== Task objective ==
Please print, exactly, only the lines in the entries below from the line that has "Baffin W's Snogoose Black/White" through the line that has "Melonex Drop". Pictures don't go in.

== Provided data ==
◆ ◆ ◆
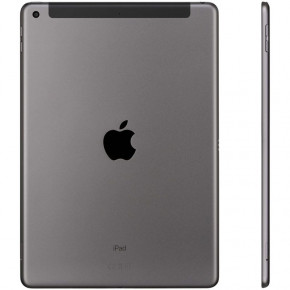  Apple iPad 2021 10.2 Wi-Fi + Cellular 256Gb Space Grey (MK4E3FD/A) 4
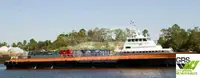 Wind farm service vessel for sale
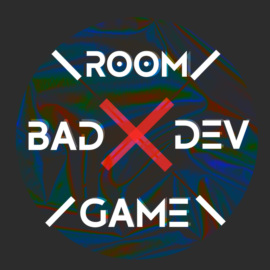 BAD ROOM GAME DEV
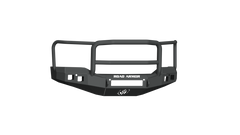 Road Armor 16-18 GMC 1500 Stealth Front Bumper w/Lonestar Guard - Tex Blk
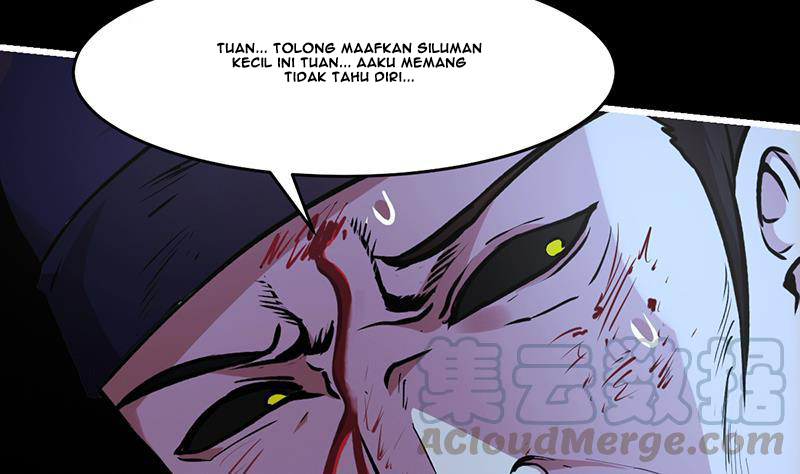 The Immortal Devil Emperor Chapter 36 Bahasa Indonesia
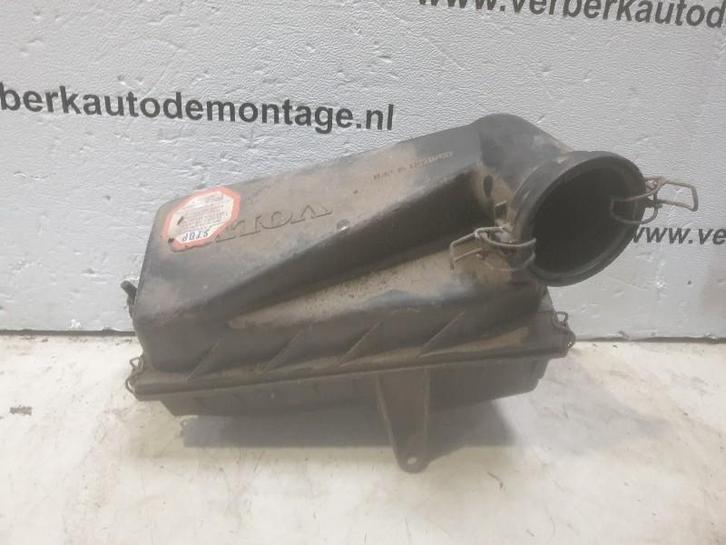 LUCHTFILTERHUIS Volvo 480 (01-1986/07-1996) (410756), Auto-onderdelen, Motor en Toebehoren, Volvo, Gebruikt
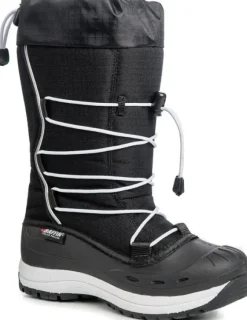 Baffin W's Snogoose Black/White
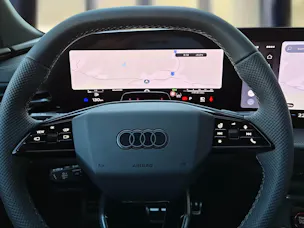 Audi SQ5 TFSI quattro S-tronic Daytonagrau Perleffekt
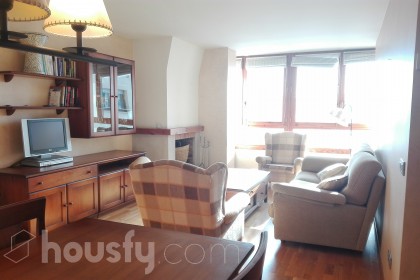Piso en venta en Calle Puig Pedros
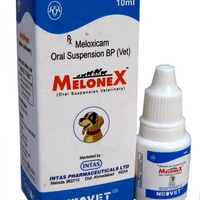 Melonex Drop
◆ ◆ ◆
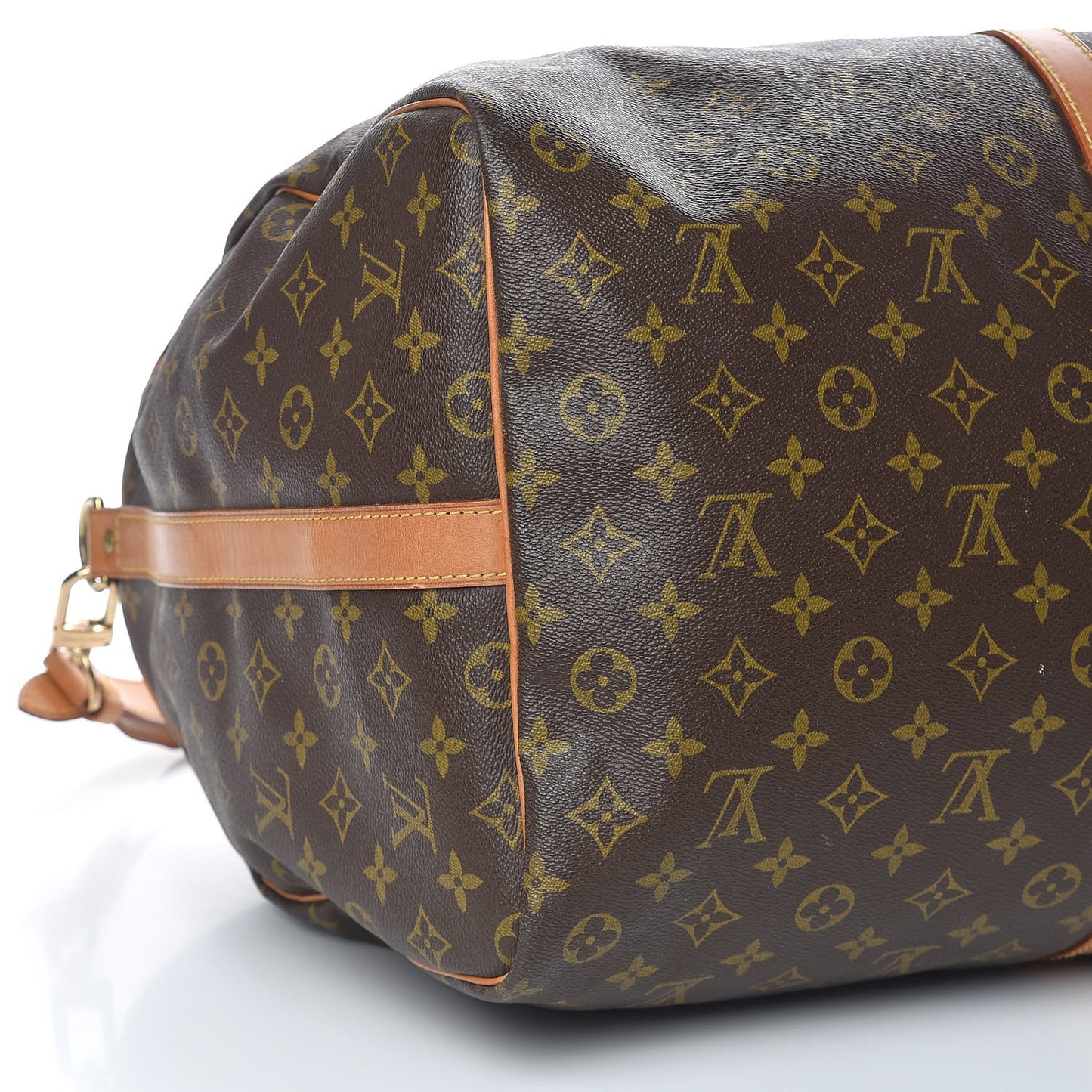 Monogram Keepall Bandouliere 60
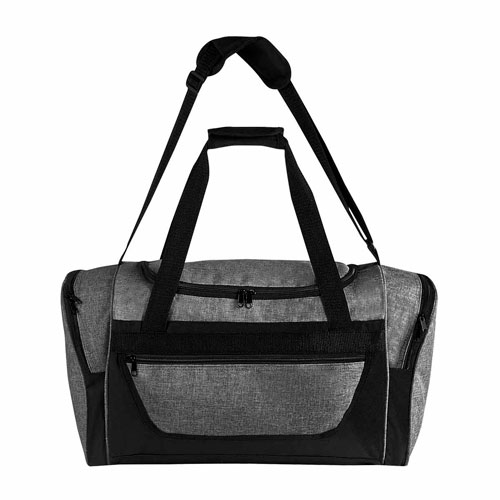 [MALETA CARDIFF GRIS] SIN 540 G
◆ ◆ ◆
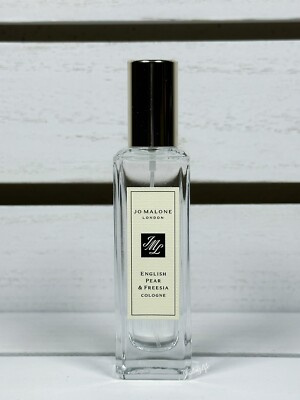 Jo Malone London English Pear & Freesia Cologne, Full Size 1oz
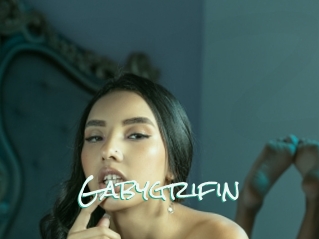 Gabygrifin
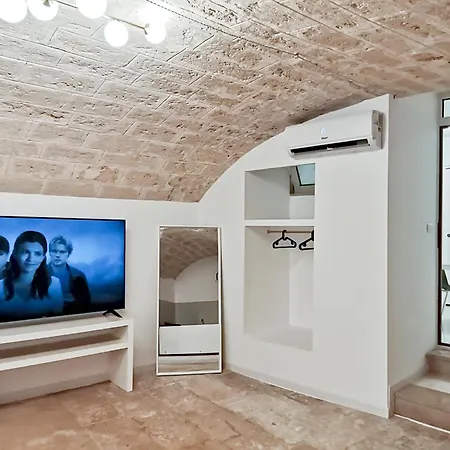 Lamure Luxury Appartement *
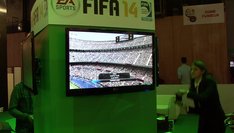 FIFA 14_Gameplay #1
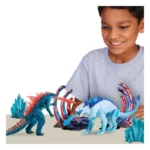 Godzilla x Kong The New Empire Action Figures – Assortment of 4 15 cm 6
◆ ◆ ◆
== Problem solution ==
 Baffin W's Snogoose Black/White
 Audi SQ5 TFSI quattro S-tronic Daytonagrau Perleffekt
Piso en venta en Calle Puig Pedros
 Melonex Drop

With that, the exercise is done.